Canadian photographer Letinsky’s still lifes resemble the aftermath of a restaurant table, fruit peelings and dirty crockery arranged in an apparently haphazard but actually carefully placed layout.
Why would Letinsky apply all the meticulous control over lighting, perspective and placement as for any normal still life in order to recreate a ‘pile of washing up’?
It could be as simple as Keith Arnatt’s Rubbish Tip, or Tillmans’ exploration of the aesthetic beauty in discarded items. But that would not be consistent with her careful placement of items with all the attention to detail of a normal still life study.
I find that I admire her work a lot, noting how it is “a vehicle to explore the tension between the small and minute and larger social structures“.
Although carefully placed and so storytelling rather than historical in nature, I feel like a historian gazing over a map of a battlefield when I view it. Where was the power around the dinner table? Did the meal end amicably or with someone getting up to leave? Were passions high or convivial? A landmark birthday or celebration? The detritus on the table resembles the fallen soldiers on the battlefield, the dirty plates their bombed-out garrisons and hides. I often perceive elements of our human condition and relationships in her images, all backed by crisp white linen.

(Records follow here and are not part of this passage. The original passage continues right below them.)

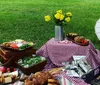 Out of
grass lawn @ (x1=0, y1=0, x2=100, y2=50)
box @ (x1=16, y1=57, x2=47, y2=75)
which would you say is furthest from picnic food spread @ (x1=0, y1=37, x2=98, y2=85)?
grass lawn @ (x1=0, y1=0, x2=100, y2=50)

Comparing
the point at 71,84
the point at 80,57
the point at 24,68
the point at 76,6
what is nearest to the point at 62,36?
the point at 80,57

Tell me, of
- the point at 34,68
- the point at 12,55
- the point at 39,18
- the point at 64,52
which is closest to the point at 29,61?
the point at 34,68

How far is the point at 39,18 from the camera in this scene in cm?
1059

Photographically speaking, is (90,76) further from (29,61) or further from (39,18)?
(39,18)

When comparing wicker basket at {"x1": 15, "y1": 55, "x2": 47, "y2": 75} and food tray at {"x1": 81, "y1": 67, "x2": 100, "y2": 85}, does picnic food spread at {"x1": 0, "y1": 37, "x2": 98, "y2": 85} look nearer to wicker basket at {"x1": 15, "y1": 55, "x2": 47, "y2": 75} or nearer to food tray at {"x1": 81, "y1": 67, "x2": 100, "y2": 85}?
Result: wicker basket at {"x1": 15, "y1": 55, "x2": 47, "y2": 75}

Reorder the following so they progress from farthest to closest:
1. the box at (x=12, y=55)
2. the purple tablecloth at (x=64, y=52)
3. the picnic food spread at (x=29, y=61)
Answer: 1. the purple tablecloth at (x=64, y=52)
2. the box at (x=12, y=55)
3. the picnic food spread at (x=29, y=61)

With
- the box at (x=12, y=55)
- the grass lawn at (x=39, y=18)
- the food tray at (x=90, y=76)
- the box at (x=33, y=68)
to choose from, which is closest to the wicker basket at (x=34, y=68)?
the box at (x=33, y=68)

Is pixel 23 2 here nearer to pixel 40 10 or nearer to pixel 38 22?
pixel 40 10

Letinsky talks about how “photography conflicts with and constrains our sense of our environment by reinforcing certain ideas we have about perception.” I’m not confident that I fully understand her point here, but it could be a reference to how we take and consume photographs, reinforcing these perceptions unconsciously as we go in order to make thing fit our model of the world. The plain white tablecloths may well invite us to view the images – and the human behaviours they represent – with a fresh backdrop, not influenced by our prejudices and past experiences.